All party conferences have been under-reported this year, and the Green Party Autumn Conference is no exception. Held online like all the others, conference ended last week with a pioneering new policy.

Official party policy is made by members who attend conference and vote on policy motions and amendments. This year members of The Green Party of England and Wales have called for the end of advertising for “high carbon” goods and services. The new policy is designed to “bring advertising rules into the 21st century” by phasing out adverts for goods and services which are harmful to the climate, such as big SUVs and long-haul flights.

Restrictions on advertising are nothing new, for products which are socially and/or physically harmful. Tobacco has been banned from being advertised and promoted in the UK since 2003, and a study three years later by BMJ journal Tobacco Control found that the ban “significantly reduced exposure to pro-tobacco marketing influences” and their conclusions were found to “support the effectiveness of comprehensive bans on advertising”.

Time restrictions have been placed on TV advertising of junk food, to make them less attractive to children. If we want to change behaviour, we need to recognise the influence that advertising has – otherwise why would producers spend vast amounts of money on it. In August 2020, the ‘Badvertising’ campaign called for adverts for SUVs to face a similar ban, noting that such vehicles make up more than 40% of new cars now sold in the UK, while fully electric vehicles count for less than 2%.

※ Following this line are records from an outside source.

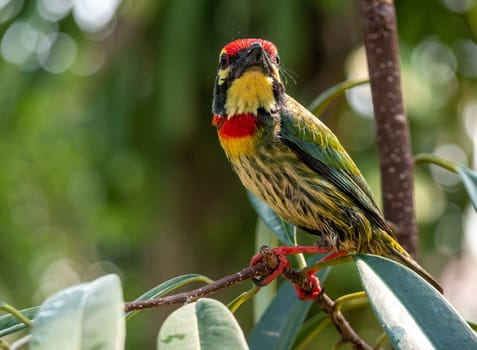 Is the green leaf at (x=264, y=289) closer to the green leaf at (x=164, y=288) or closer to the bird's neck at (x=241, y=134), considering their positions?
the bird's neck at (x=241, y=134)

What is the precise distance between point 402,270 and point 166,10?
4675 millimetres

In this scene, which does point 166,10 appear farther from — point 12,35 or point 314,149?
point 314,149

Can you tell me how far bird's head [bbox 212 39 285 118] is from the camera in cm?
266

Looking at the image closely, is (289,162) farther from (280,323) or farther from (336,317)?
(336,317)

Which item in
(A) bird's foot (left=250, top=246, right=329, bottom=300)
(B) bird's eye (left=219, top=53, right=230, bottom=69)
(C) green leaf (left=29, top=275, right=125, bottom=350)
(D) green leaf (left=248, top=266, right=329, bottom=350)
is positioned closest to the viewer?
(C) green leaf (left=29, top=275, right=125, bottom=350)

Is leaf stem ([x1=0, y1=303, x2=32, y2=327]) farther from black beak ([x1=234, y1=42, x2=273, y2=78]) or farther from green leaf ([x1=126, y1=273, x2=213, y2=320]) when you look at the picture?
black beak ([x1=234, y1=42, x2=273, y2=78])

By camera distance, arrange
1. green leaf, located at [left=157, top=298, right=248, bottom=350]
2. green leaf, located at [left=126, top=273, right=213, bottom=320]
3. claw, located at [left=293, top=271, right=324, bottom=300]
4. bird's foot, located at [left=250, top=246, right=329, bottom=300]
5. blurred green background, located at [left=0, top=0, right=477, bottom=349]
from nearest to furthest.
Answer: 1. green leaf, located at [left=157, top=298, right=248, bottom=350]
2. green leaf, located at [left=126, top=273, right=213, bottom=320]
3. bird's foot, located at [left=250, top=246, right=329, bottom=300]
4. claw, located at [left=293, top=271, right=324, bottom=300]
5. blurred green background, located at [left=0, top=0, right=477, bottom=349]

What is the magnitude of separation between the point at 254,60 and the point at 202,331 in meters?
1.33

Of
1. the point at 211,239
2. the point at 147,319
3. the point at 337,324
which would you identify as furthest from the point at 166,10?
the point at 337,324

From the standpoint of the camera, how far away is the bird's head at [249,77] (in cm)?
266

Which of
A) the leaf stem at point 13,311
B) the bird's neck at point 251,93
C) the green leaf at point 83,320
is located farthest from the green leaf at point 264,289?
the green leaf at point 83,320

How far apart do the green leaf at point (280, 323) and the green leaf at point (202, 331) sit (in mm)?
786

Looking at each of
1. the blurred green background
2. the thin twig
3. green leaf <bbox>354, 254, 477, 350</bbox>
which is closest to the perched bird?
green leaf <bbox>354, 254, 477, 350</bbox>

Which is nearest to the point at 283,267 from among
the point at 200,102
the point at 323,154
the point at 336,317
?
the point at 336,317
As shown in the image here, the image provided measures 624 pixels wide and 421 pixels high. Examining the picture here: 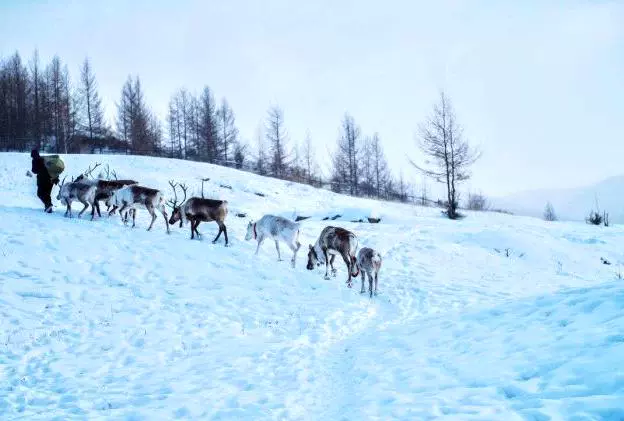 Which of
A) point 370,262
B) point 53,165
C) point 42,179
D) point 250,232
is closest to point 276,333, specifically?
point 370,262

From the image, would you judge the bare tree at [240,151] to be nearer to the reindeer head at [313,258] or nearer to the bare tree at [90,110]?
the bare tree at [90,110]

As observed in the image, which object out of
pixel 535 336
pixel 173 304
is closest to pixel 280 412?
pixel 535 336

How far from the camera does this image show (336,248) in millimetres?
12859

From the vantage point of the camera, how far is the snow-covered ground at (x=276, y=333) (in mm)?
4801

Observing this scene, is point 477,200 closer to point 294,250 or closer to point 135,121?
point 135,121

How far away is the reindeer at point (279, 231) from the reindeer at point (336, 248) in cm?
67

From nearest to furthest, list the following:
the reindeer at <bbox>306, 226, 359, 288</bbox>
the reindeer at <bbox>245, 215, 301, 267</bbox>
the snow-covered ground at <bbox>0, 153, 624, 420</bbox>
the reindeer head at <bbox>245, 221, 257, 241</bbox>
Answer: the snow-covered ground at <bbox>0, 153, 624, 420</bbox> → the reindeer at <bbox>306, 226, 359, 288</bbox> → the reindeer at <bbox>245, 215, 301, 267</bbox> → the reindeer head at <bbox>245, 221, 257, 241</bbox>

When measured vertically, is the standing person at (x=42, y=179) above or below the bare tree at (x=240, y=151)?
below

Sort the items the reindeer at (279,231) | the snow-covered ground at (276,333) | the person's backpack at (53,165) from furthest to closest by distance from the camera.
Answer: the person's backpack at (53,165) → the reindeer at (279,231) → the snow-covered ground at (276,333)

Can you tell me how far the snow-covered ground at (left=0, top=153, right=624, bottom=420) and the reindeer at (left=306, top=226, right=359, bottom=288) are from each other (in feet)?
2.58

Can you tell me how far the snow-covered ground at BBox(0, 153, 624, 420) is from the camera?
4.80 m

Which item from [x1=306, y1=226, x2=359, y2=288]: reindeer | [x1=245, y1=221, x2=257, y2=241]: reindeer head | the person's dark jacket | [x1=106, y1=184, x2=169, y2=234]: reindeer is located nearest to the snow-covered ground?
[x1=245, y1=221, x2=257, y2=241]: reindeer head

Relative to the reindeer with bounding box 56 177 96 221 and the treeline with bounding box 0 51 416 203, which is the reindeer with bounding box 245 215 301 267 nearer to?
the reindeer with bounding box 56 177 96 221

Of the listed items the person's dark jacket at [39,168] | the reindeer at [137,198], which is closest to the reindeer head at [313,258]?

Learning from the cigarette advertising campaign, we can do the same for products which are trashing our planet. Ending advertising for high carbon goods and services would be a simple and socially beneficial way to reduce UK carbon emissions.

This year we have faced the Covid emergency and learned that it’s not the things we have thrust upon us from billboards, TV and radio that matter most. Facing the climate emergency, and hosting the climate summit next year, it can’t be right that we are bombarded by endless adverts demanding we fly more, drive bigger cars and burn more fossil fuels. We challenge our Government to adopt our common-sense policy to curb the influence of the biggest polluters.